**HOW TO COMPLETE THIS TASK**
Look through the lines below for the word "White", and copy every line that has it.

**DATA RECORDS**
..........

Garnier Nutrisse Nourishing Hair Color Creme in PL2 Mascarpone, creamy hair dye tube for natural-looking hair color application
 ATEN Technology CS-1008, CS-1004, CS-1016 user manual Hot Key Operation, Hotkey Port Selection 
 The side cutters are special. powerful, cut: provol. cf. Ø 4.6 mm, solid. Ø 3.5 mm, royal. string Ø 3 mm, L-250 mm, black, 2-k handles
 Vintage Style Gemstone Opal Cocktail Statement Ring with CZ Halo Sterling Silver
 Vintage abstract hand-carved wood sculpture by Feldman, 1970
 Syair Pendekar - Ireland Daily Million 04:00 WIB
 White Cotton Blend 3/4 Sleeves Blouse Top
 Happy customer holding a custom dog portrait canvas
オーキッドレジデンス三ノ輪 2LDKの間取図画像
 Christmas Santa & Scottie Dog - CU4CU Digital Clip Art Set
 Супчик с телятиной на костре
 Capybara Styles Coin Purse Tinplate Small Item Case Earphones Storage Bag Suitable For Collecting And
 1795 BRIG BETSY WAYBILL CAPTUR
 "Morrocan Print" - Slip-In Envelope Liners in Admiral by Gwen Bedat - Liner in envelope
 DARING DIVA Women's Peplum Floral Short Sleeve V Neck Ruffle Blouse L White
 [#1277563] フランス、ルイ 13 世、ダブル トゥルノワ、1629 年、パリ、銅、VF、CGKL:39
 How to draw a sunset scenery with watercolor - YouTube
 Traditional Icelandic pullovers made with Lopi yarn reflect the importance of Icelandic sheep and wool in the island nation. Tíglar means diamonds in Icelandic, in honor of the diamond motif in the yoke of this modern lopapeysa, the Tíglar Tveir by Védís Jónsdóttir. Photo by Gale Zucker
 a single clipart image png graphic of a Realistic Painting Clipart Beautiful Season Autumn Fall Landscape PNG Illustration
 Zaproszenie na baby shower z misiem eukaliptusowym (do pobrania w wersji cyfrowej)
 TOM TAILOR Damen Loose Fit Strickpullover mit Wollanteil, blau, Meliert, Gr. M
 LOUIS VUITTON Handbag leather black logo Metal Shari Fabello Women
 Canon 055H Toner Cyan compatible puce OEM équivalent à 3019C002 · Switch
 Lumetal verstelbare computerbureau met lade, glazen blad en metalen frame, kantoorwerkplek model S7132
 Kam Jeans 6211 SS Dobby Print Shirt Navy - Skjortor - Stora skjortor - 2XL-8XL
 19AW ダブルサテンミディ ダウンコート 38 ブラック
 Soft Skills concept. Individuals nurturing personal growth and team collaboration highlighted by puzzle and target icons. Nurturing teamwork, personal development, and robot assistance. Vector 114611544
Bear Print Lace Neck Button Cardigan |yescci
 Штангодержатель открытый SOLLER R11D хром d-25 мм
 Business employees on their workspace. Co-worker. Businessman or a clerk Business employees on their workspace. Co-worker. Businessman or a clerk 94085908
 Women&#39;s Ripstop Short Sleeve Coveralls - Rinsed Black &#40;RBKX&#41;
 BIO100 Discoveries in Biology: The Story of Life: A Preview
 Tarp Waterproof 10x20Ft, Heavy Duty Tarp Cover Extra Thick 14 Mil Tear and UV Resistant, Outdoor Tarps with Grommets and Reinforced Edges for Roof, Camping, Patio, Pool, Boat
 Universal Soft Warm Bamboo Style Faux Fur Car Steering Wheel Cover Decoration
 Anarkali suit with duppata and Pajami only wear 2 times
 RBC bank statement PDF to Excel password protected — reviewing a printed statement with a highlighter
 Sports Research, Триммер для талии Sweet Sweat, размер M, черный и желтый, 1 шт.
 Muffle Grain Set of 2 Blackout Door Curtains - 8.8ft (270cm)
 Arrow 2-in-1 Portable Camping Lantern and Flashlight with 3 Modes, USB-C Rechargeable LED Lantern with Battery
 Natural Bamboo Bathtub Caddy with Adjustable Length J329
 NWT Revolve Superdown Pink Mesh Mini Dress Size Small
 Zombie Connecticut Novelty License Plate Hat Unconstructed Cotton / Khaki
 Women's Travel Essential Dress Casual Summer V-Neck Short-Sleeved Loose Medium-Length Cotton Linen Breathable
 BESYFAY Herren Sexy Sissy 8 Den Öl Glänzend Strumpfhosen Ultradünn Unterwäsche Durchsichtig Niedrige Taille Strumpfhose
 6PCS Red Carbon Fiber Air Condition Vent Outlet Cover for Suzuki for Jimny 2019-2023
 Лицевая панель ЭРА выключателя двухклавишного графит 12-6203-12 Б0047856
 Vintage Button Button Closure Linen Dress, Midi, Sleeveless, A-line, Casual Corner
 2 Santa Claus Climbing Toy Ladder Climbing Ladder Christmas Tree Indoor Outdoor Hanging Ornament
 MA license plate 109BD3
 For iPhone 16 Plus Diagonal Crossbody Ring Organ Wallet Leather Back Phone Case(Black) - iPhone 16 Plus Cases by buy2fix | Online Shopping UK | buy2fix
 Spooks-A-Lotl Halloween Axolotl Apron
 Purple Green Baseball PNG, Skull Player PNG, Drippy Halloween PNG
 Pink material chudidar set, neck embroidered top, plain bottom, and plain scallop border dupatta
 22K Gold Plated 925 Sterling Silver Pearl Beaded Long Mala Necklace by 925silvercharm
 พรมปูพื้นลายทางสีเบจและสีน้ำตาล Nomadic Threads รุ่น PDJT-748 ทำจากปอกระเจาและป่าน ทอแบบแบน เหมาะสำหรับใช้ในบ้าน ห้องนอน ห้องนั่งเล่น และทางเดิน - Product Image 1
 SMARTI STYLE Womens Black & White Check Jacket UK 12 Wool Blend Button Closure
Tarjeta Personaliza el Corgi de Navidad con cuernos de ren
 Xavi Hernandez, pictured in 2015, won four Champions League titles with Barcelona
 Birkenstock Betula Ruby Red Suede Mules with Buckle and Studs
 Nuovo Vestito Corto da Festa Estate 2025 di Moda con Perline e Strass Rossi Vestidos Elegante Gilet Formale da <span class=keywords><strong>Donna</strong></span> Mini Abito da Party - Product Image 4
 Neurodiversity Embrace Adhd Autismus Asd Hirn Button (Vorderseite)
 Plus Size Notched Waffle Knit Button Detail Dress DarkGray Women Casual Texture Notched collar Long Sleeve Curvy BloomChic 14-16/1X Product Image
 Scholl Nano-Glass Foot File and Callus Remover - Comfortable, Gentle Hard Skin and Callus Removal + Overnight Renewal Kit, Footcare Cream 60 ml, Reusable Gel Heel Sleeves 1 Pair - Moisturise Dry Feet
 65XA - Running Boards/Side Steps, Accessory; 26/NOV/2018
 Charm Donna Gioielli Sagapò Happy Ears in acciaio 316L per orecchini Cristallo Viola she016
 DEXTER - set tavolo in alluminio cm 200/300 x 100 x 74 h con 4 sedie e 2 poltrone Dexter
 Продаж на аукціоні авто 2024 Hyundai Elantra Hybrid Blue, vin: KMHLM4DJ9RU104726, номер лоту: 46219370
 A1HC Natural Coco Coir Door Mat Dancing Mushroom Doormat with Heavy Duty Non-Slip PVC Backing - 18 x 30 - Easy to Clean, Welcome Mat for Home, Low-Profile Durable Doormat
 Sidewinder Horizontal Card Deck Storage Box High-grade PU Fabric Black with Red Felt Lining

..........

**TASK ANSWER**
 White Cotton Blend 3/4 Sleeves Blouse Top
 DARING DIVA Women's Peplum Floral Short Sleeve V Neck Ruffle Blouse L White
 SMARTI STYLE Womens Black & White Check Jacket UK 12 Wool Blend Button Closure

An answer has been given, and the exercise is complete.